The various entries are interesting and funny, horrifying and gross, but also somewhat disappointing, especially in the few cases where I just happened to know more about a given topic than the author does. They fit into much the same niche as Mary Roach‘s writing, but the comparison doesn’t do them any favors. Mary Roach does deep dives and really digs into the crazy/scary/gross topics she writes about while Stewart accurately introduces the books as something of a dilettantes look at the subjects rather than any sort of expertise. Stewart writes from the perspective of a lay person with a very human-centric perspective. The application of modern protestant morality to the plants and bugs she discusses is done humorously but also distracts from how cool they really are when viewed simply as themselves rather than through the lens of their impact on humans.

I’m incredibly impressed with Coleen Marlo’s reading skills. She not only seamlessly reads the scientific names of each entry, but just overall does a wonderful job of reading the book in such a way that it just flowed smoothly. I didn’t spend any significant time thinking about her voice because it was just naturally the sound of the book. It can be difficult to properly value the skill that takes until you try listening to an audiobook by a reader who doesn’t have it.

To sum up, Wicked Plants and Wicked Bugs were both good for what they were: not deep but fun and interesting and inspirational for fiction writing ideas.
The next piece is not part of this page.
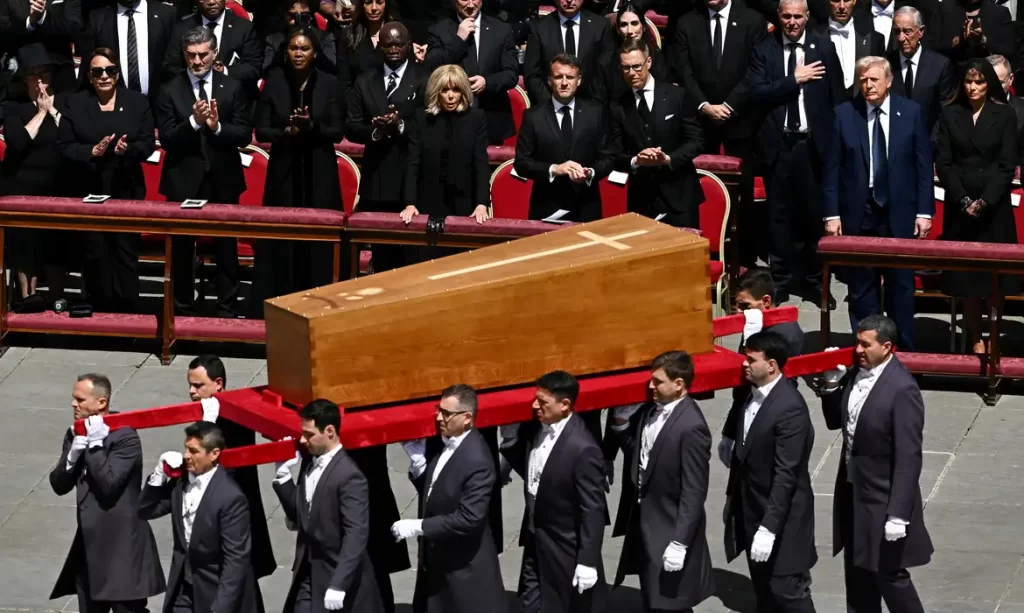 Foto: Reuters/Dylan Martinez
Swordheart by T. Kingfisher

Swordheart
by T. Kingfisher
2018

This is delightful and hilarious and a surprisingly quick read despite being fairly long. The story pulled me along as the plot goes on wild side-quests and the main character goes on wild tangents. I adore the main character, Halla, a housekeeper who had come into an unexpected inheritance that involves some really angry dis-inherited relatives that she has to avoid. She was happily living her life, more or less, and would have continued to do so if not for the need to avoid the awful relatives which has led to acquiring a magically haunted sword, running away from home, meeting bandits on the road and having to escape them, meeting police chasing the bandits on the road and having to escape them, and increasing number of hijinks that domino ever onwards.

The second main character, Sarkis, is the magically haunted sword and also a barbarian from a distant land, who is used to being used as a warrior by other warriors, and is now a companion for an escaping housekeeper and isn’t quite sure what to make of the situation. We slowly get more of his backstory over the course of the book, but (in my opinion) his true delight is to be the outside perspective on Halla and her situation. It’s hilarious!

I was also pleased to see confirmation in the afterward that this was going to be a trilogy. Since it was published in 2018, I assumed the other two would already be available. Alas! Book 2 of the trilogy is due to be published in August 2026. Hmph. I will wait.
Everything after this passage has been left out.